Quote exactly and only this range of lines in the data below: the line that holds "Ботинки Swin-Purlina PM3939-4" to the line that holds "SRBTS5 3 Bedroom", both included.
- Opening Delimiter -
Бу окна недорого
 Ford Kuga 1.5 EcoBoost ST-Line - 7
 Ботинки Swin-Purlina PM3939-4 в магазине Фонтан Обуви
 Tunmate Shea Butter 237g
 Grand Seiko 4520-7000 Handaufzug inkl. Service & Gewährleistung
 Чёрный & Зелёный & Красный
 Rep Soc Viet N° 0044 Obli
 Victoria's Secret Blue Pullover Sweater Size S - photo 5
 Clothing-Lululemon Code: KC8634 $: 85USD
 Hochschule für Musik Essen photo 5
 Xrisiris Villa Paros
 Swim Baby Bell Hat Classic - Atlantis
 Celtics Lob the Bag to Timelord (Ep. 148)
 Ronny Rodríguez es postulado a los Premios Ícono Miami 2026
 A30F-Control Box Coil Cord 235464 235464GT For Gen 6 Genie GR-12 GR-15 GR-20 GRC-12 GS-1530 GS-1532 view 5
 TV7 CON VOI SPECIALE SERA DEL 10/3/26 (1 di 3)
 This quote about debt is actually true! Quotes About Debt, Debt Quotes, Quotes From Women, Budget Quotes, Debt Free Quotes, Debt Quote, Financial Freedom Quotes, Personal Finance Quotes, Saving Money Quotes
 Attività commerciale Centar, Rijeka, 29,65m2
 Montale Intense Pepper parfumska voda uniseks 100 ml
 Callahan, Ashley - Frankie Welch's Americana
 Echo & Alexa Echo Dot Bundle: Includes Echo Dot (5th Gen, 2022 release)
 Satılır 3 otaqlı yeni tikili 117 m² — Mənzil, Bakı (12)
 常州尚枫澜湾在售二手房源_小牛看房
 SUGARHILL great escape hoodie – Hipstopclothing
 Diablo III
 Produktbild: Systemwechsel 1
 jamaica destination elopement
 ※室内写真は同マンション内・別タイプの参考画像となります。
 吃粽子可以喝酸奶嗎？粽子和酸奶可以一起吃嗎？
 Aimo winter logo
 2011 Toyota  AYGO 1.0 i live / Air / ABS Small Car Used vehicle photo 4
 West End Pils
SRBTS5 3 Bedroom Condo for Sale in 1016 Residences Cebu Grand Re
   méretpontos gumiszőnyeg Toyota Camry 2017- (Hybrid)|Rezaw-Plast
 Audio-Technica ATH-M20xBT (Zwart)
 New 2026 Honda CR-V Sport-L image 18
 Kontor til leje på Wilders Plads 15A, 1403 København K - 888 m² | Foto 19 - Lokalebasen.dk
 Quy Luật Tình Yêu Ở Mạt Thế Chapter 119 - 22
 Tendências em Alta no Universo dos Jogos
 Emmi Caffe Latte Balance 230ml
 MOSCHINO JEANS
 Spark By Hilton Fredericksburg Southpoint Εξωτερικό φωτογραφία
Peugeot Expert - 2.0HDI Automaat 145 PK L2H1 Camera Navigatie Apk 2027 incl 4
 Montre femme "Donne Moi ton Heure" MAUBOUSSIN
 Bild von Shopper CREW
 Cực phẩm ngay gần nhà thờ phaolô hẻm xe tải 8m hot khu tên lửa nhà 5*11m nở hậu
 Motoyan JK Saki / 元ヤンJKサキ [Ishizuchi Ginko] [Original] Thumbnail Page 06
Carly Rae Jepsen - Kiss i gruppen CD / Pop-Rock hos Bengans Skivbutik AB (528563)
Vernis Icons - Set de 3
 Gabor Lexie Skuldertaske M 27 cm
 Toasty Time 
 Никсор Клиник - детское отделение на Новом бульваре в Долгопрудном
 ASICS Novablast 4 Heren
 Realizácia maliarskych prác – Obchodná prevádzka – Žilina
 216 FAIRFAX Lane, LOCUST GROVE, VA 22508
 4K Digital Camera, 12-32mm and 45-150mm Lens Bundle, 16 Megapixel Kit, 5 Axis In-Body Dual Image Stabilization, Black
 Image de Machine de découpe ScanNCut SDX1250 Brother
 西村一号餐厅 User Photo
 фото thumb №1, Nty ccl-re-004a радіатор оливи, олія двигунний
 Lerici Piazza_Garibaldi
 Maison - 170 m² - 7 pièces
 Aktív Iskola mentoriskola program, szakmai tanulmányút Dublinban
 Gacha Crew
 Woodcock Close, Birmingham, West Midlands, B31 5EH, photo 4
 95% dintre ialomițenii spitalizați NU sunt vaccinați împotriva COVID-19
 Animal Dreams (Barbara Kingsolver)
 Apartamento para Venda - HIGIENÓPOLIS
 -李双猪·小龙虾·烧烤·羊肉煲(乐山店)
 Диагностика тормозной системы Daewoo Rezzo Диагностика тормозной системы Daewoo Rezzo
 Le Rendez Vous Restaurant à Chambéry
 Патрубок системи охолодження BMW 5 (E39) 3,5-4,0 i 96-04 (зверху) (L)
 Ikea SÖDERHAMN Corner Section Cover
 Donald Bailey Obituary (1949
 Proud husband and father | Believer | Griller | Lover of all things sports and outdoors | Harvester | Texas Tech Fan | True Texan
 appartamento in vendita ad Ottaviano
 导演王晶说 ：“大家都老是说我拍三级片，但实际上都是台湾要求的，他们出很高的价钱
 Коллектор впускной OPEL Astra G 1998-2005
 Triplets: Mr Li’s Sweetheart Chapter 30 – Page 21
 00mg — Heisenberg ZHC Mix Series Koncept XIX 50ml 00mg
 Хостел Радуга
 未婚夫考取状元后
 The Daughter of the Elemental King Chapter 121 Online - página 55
- Closing Delimiter -
» Your response:
 Ботинки Swin-Purlina PM3939-4 в магазине Фонтан Обуви
 Tunmate Shea Butter 237g
 Grand Seiko 4520-7000 Handaufzug inkl. Service & Gewährleistung
 Чёрный & Зелёный & Красный
 Rep Soc Viet N° 0044 Obli
 Victoria's Secret Blue Pullover Sweater Size S - photo 5
 Clothing-Lululemon Code: KC8634 $: 85USD
 Hochschule für Musik Essen photo 5
 Xrisiris Villa Paros
 Swim Baby Bell Hat Classic - Atlantis
 Celtics Lob the Bag to Timelord (Ep. 148)
 Ronny Rodríguez es postulado a los Premios Ícono Miami 2026
 A30F-Control Box Coil Cord 235464 235464GT For Gen 6 Genie GR-12 GR-15 GR-20 GRC-12 GS-1530 GS-1532 view 5
 TV7 CON VOI SPECIALE SERA DEL 10/3/26 (1 di 3)
 This quote about debt is actually true! Quotes About Debt, Debt Quotes, Quotes From Women, Budget Quotes, Debt Free Quotes, Debt Quote, Financial Freedom Quotes, Personal Finance Quotes, Saving Money Quotes
 Attività commerciale Centar, Rijeka, 29,65m2
 Montale Intense Pepper parfumska voda uniseks 100 ml
 Callahan, Ashley - Frankie Welch's Americana
 Echo & Alexa Echo Dot Bundle: Includes Echo Dot (5th Gen, 2022 release)
 Satılır 3 otaqlı yeni tikili 117 m² — Mənzil, Bakı (12)
 常州尚枫澜湾在售二手房源_小牛看房
 SUGARHILL great escape hoodie – Hipstopclothing
 Diablo III
 Produktbild: Systemwechsel 1
 jamaica destination elopement
 ※室内写真は同マンション内・別タイプの参考画像となります。
 吃粽子可以喝酸奶嗎？粽子和酸奶可以一起吃嗎？
 Aimo winter logo
 2011 Toyota  AYGO 1.0 i live / Air / ABS Small Car Used vehicle photo 4
 West End Pils
SRBTS5 3 Bedroom Condo for Sale in 1016 Residences Cebu Grand Re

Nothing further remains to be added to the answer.